Kumar Ritesh, Addagatla Rajasekhar, Jaglan Sandeep Kumar, Divya Gali, Jaju Rishabh, Debnath Pinaki Ranjan, Sen Amita, Shah Shalu
Department of General Surgery, ANIIMS and G. B. Pant Hospital, Port Blair, Andaman and Nicobar Islands, India.
Department of Paediatric Surgery, ABVIMS and Dr. RML Hospital, New Delhi, India.
J Indian Assoc Pediatr Surg. 2022 Nov-Dec;27(6):677-683. doi: 10.4103/jiaps.jiaps_16_22. Epub 2022 Nov 14.
The aim of this study was to evaluate the early indicators of sepsis (sepsis screening) and their statistical correlation with sepsis in neonatal abdominal surgery.
A prospective observational study was performed on thirty consecutive neonate cases aged between 0 and 28 days with surgical abdomen at the Paediatric Surgery Department, ABVIMS and Dr.
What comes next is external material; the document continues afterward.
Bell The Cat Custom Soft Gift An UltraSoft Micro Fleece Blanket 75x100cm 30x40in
Ram Manohar Lohia Hospital, New Delhi. The study duration was 18 months. Septic screening was done in all neonates on day 0, 1, 3, 7, and 14 days of surgery with serum procalcitonin, C-reactive protein, total leukocyte count, immature/total neutrophil ratio, and microerythrocyte sedimentation rate. A septic screening-positive patient (three or more positive parameters out of five) was correlated with sepsis and analysis was done.
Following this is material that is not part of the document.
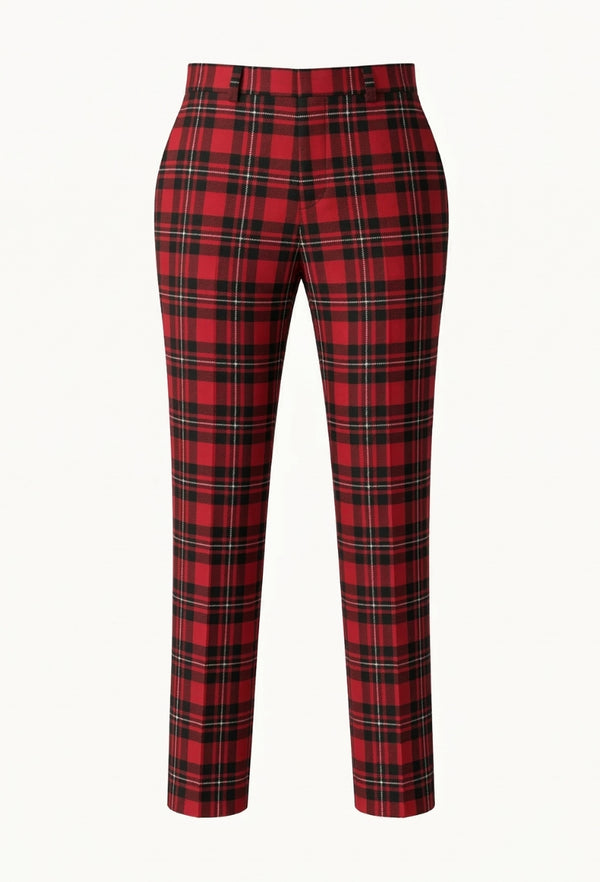 MacGregor Men's High‑Waisted Tartan Trouser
A total of 30 neonates of abdominal surgical cases were included consequently, out of which 56.7% ( = 17) were male and 43.3% ( = 13) were female. Maximum cases were of congenital diaphragmatic hernia 20% ( = 6) and then anorectal malformation 16.7% ( = 5). About 70% of neonates were sepsis screening positive. Fifty percentage of neonates were diagnosed to have sepsis on the clinical or laboratory findings, so sensitivity and specificity of sepsis screening were 93.33% and 40%, respectively. There was total 30% mortality in this study.
Sepsis screening is an early marker of sepsis, which can be used to help in early detection of neonatal surgical sepsis and timely intervention that can lead to decrease mortality and morbidity in neonatal surgery.
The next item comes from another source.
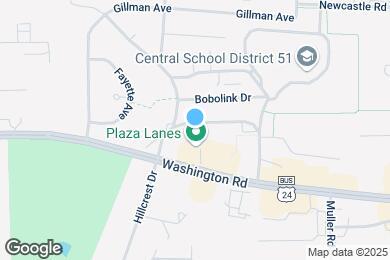 Map image of the property - 1400 W Jefferson St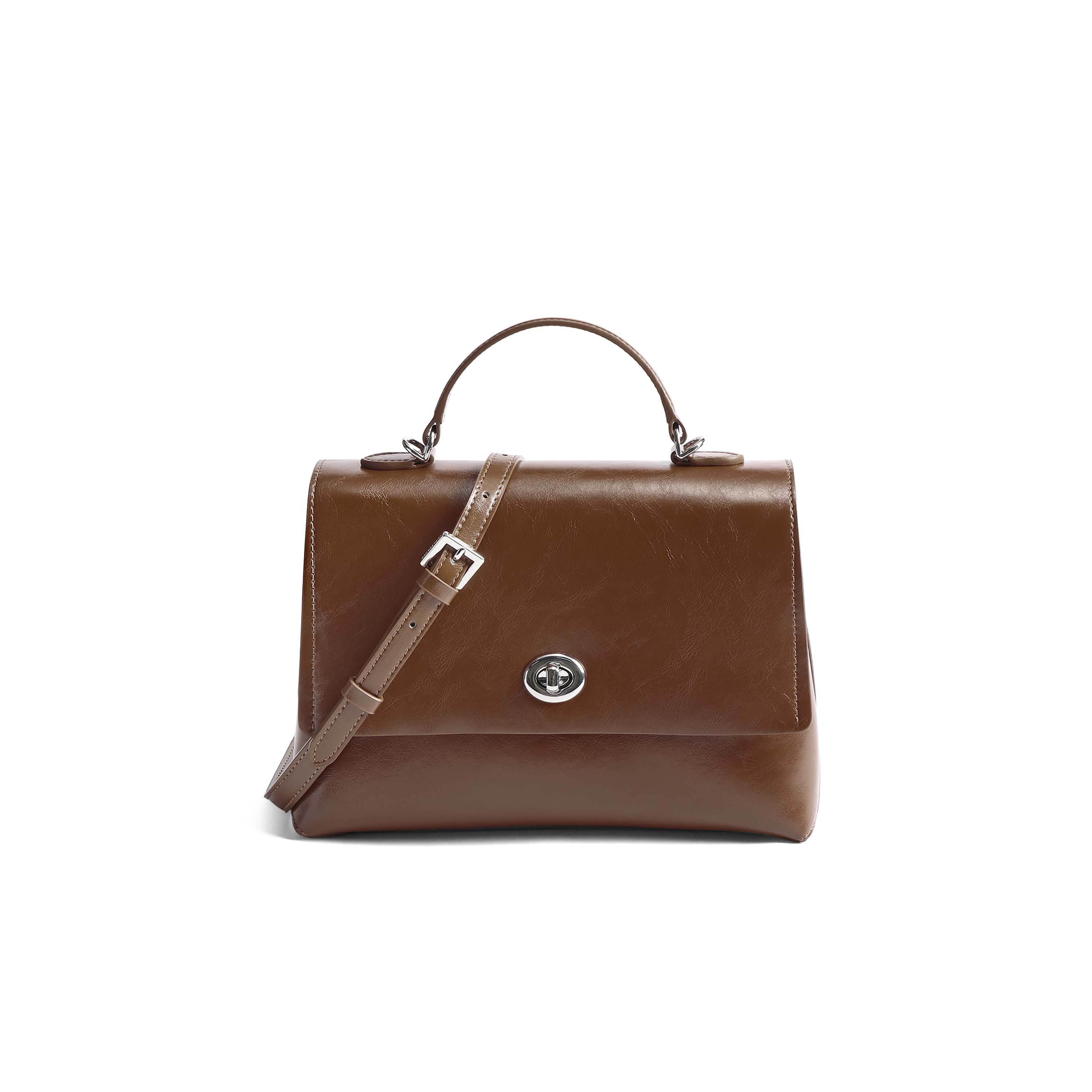 百丽包包女25秋季新商场同款高级简约质感单肩斜挎手提包JY128CX5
本研究旨在评估脓毒症的早期指标(脓毒症筛查)及其与新生儿腹部手术中脓毒症的统计学相关性。
在新德里ABVIMS和拉姆·马诺哈尔·洛希亚博士医院的小儿外科,对30例年龄在0至28天之间患有外科急腹症的连续新生儿病例进行了前瞻性观察研究。研究持续时间为18个月。在所有新生儿手术的第0、1、3、7和14天,通过血清降钙素原、C反应蛋白、白细胞总数、未成熟/总中性粒细胞比率和微量红细胞沉降率进行脓毒症筛查。脓毒症筛查呈阳性的患者(五项参数中有三项或更多项呈阳性)与脓毒症进行相关性分析。
最终共纳入30例腹部手术新生儿病例,其中56.7%(=17例)为男性,43.3%(=13例)为女性。最多见的病例是先天性膈疝20%(=6例),其次是肛门直肠畸形16.7%(=5例)。约70%的新生儿脓毒症筛查呈阳性。根据临床或实验室检查结果,50%的新生儿被诊断为患有脓毒症,因此脓毒症筛查的敏感性和特异性分别为93.33%和40%。本研究的总死亡率为30%。
脓毒症筛查是脓毒症的早期标志物,可用于帮助早期发现新生儿外科脓毒症并进行及时干预,从而降低新生儿手术中的死亡率和发病率。